Gaussian Splatting on Metal Dev Log

Links & Resources

Apple Metal-cpp home page
Metal Sample Code
Performing Calculations on a GPU - sample code
Simple GPU Sorting Tutorial in O(n^2) - good first-attempt of non-optimal sorting, keeping within the constraints of non-compute shaders
NVIDIA Improved GPU Sorting chapter from a book - bit academic, but probably the best intro-to-advanced tutorial I’ve found.
Academic paper comparing GPU sorting algorithms
WIP PR implementing ML metal compute kernels in HF Candle
Good slides on bitonic sorting (linked from here)
Bitonic sort for n not a power of 2

2023-11-19

With the CPU reference implementation working, time to try a GPU version. Initially I’m going to keep the kernel simple, just taking in two buffers and sorting values between them.

kernel void bitonic_swap_asc(device unsigned int* left, device unsigned int* right, uint index [[thread_position_in_grid]])
{
    unsigned int l = left[index];
    unsigned int r = right[index];
    left[index] = min(l, r);
    right[index] = max(l, r);
}

The complexity of which elements should be swapped will be encoded in the command buffer. This means the earlier layers will have many more commands (operating over less data though). Doubt this will be optimal but interested to see both if it’s correct without any memory fences, and how it performs.

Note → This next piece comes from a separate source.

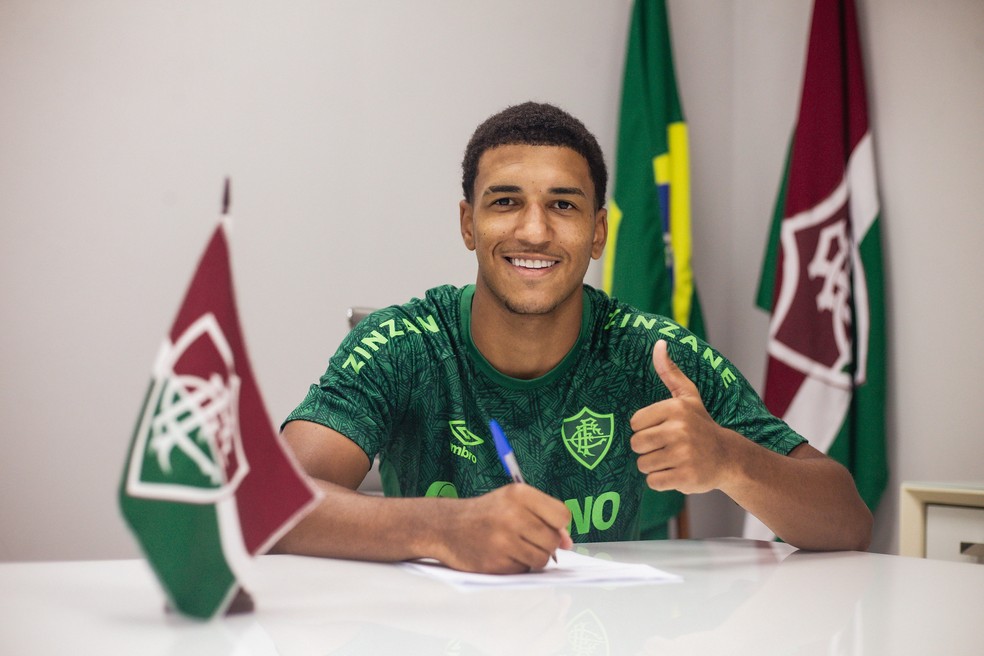 Kauã Elias do Fluminense — Foto: Lucas Merçon/Fluminense FC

Somehow it worked first-try! 🤯

Performance wise, it’s not good:

Generating 1048576 random integers
Generated 1048576 random integers
std::sort() execution time: 21 ms
sort_radix() execution time: 35 ms
sort_bitonic() execution time: 53 ms
[0ms] - Starting bitonic encoding
[2665ms | Δ2665ms] - Finished bitonic encoding
[37180ms | Δ34515ms] - Bitonic execution completed
bitonic_sort_gpu() execution time: 37180 ms

The previous O(n^2) GPU sort took around 27 seconds for 1 million values, while this method is taking over 37 seconds despite the fact it’s meant to be O(n log^2 n). It’s also weird just how long it’s spending encoding the commands, so I suspect there’s a bug where I’m encoding way too many but because it’s idempotent it’s not impacting the results.

2023-11-15

Implemented a working CPU version of the bitonic sort with only a few rounds of bugs. Did you know C++ vectors don’t do bounds checks by default? I didn’t and nor did my professional C++ programmer friend.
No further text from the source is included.